Prendiamo il caso Hannoun. Un uomo arrestato con l’accusa di aver deviato fondi verso Hamas, organizzazione terroristica per l’Europa e per gli Stati Uniti, senza se e senza ma. Arresto legittimo, indagine doverosa, processo che farà il suo corso. Fin qui, tutto normale. Il problema nasce quando la destra trasforma le manette in una clava politica e comincia a menare fendenti a casaccio contro la sinistra. Sindaci, parlamentari, attivisti colpevoli di aver condiviso una piazza, una manifestazione, un corteo con una persona che anni dopo si scopre indagata.

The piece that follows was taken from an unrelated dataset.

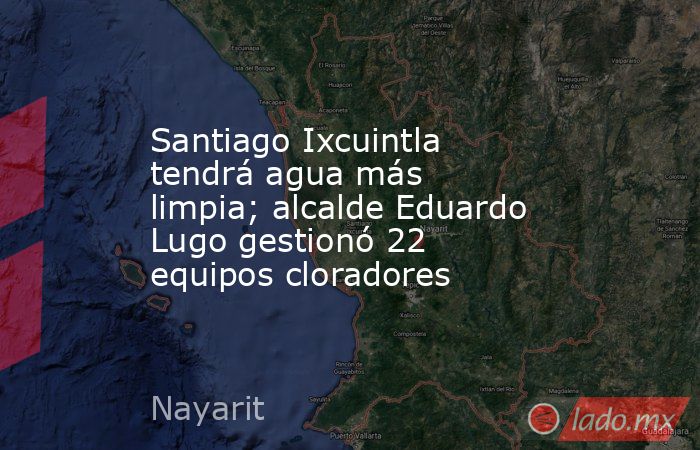 Santiago Ixcuintla tendrá agua más limpia; alcalde Eduardo Lugo gestionó 22 equipos cloradores. Noticias en tiempo real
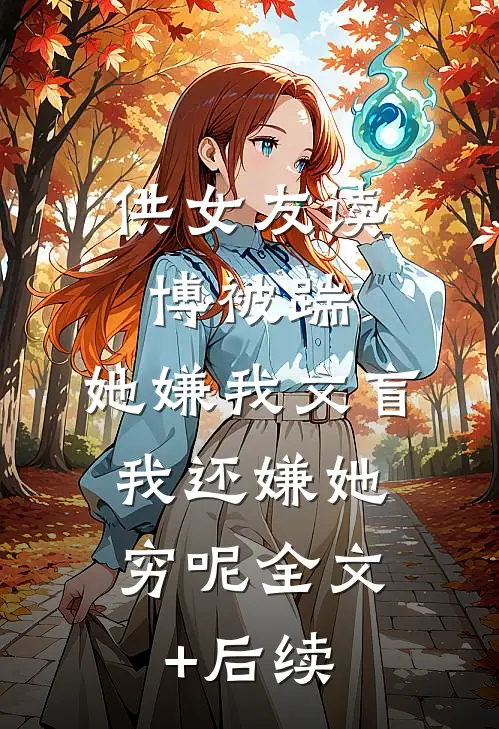 供女友读博被踹，她嫌我文盲，我还嫌她穷呢全文+后续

È la colpa per contiguità, vecchia quanto la politica e altrettanto comoda. Se sei stato nella stessa foto, allora sei complice. Se hai parlato allo stesso microfono, allora finanzi il terrorismo. Con questo criterio, mezza classe dirigente italiana dovrebbe essere sotto processo permanente per associazione a futura delinquenza.

Ma mentre si grida allo scandalo per le “ambiguità” della sinistra, accade qualcosa di curioso. Lo stesso governo che oggi distribuisce patenti di purezza morale continua a garantire sostegno politico pieno a Israele e al suo premier, Benjamin Netanyahu. Un dettaglio...Netanyahu è formalmente accusato dalla Corte Penale Internazionale di crimini di guerra e contro l’umanità. Non da un centro sociale, non da un collettivo studentesco, ma da un tribunale internazionale che l’Italia riconosce, finanzia e dice di rispettare.

Qui però il metro cambia. Hamas è terrorismo, punto. Netanyahu invece gode di attenuanti infinite. Il contesto, la sicurezza, l’autodifesa. Anche quando i morti civili si contano a decine di migliaia e Gaza viene rasa al suolo, la parola “crimine” diventa improvvisamente impronunciabile, per non contare sulla stucchevole disputa sulla larola "genocidio". Questioni di alleanze, si dirà. Certo. Ma allora non chiamatela morale.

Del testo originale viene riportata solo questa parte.